Sn sevdalı1:
Nerede görev yaptığını biliyoruz, mevzuatınızı da biliyoruz... Ama emre atama yada benzeri görevlendirmelerle kimin nerey nasıl çekilebildiğini de biliyoruz benzer şekilde lazım olan adamı kurs görevlendirmesi adı altında bile istediniz yere çekersiniz kimsenin ruhu dahi duymaz...
Da personel başkanı ile kuvvet komutanın geçen yılki tayinlerin geç açıklanmasının kök nedenlerini de irdelemek istersen dinleriz...
Gelelim karbonmonoksit meselesine...
Solunan karbondioksitin kaynağını kim neye göre yorumladı?
Yangın varyasyonu ile ilgili bildiğini sandığın şey de doğru değil... Her yanma farklı yanma gazları çıkarır... Ortak olan CO CO2 ve H2O olur... Kükürtlü yanlamarda sülfür dioksit çıkar yanan malzeme hakkında bir şey konuşmadık... Yanan malzeme helikopter yakıtı ise çıkan yanma gazı sülfür içermez... Bu durumda yangın boğulması yada eksoz boğulması yada saf CO boğulması olduğunu ayıramayabilirsin...
Tahminen düşen helikopterin içine hasar sonrası eksoz gazı dolmuş olabilir.. Yani koltuk döşeme tutuşmazsa co2 soluması eksoz dumanı yada yakıt ile de olabilir...
Ha şunu diyebilirdin... Düştüklerinde ölmüş ve solunum durmuş... Velakin biliyoruz ki düştüklerinde hala nefes alıyorlardı...

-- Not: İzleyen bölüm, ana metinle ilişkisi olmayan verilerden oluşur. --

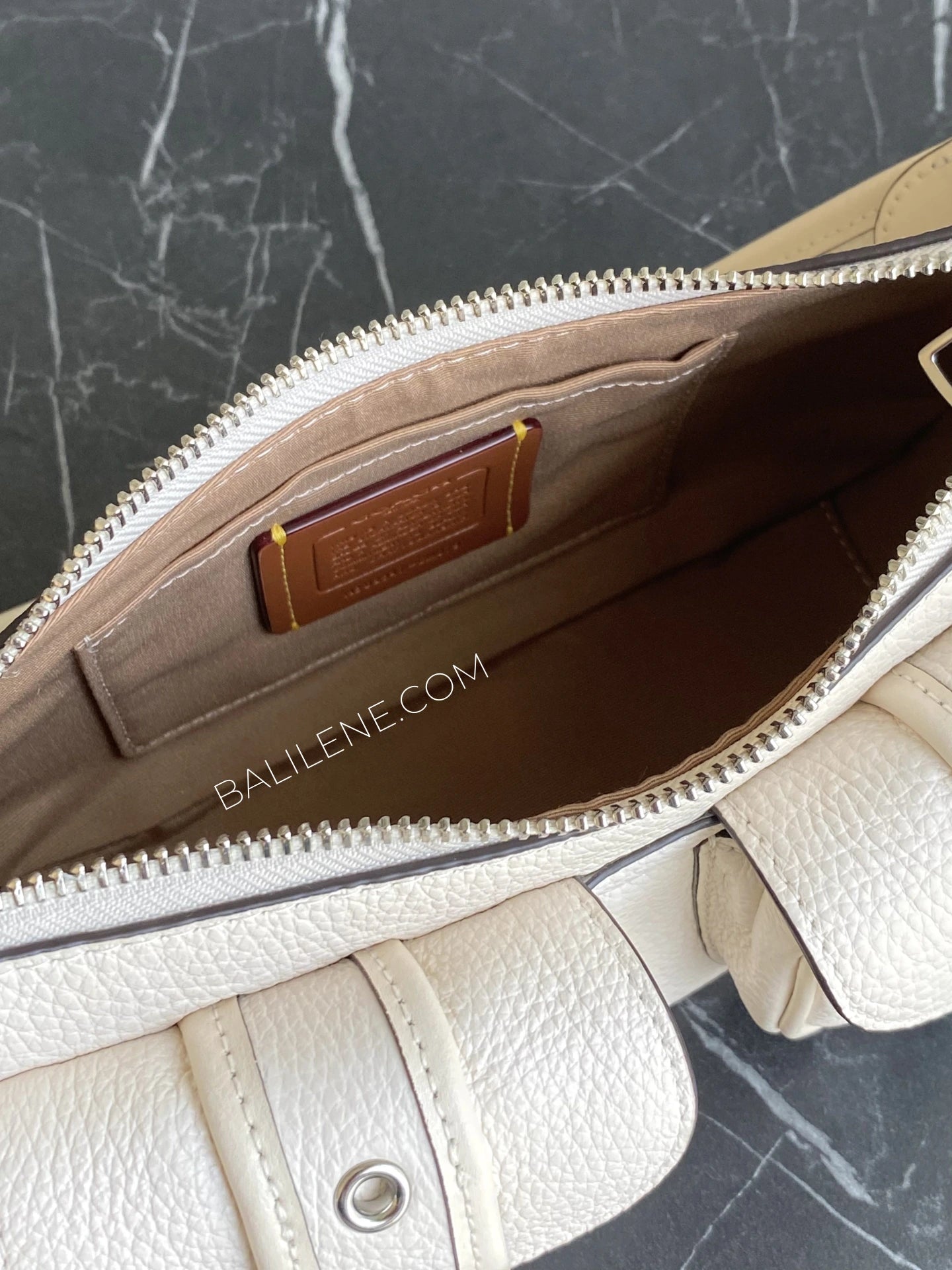 detail-dalam-Coach-Ashton-Shoulder-Bag-Chalk-balilene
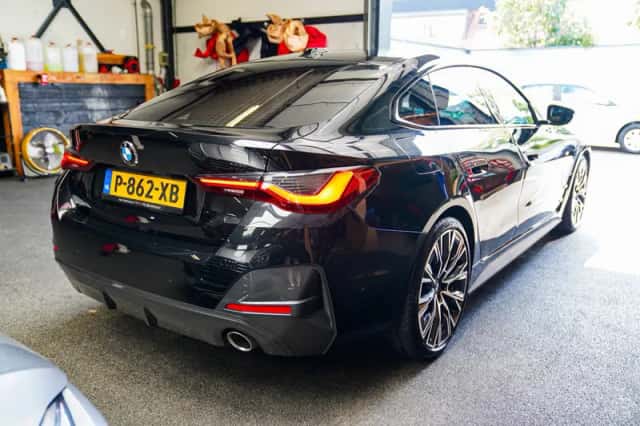 BMW 4-Serie (2022) thumbnail 3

Ona da itiraz edeceksen... Telefon kayıtlarına göz at...
Her neyse...
Dünya alem söktüklerini biliyor derken bu genel bir prosedür de biz bilmiyoruz sanırım...
Düşen her sivil helikopterin uçuş ekipmanını asker sökmesi gelenek midir?
Mesala boğaza düşen polis helikopterinin ekipmanını da sökmeye giden askeri personel oldu mu?
Hani dünya alem biliyo bu işi bir ben bilmiyorum da...
Olmuştur haberdar değilimdir aydınlatırsanız sevinirim...
Son olarak dönelim şu generaller mevzuuna...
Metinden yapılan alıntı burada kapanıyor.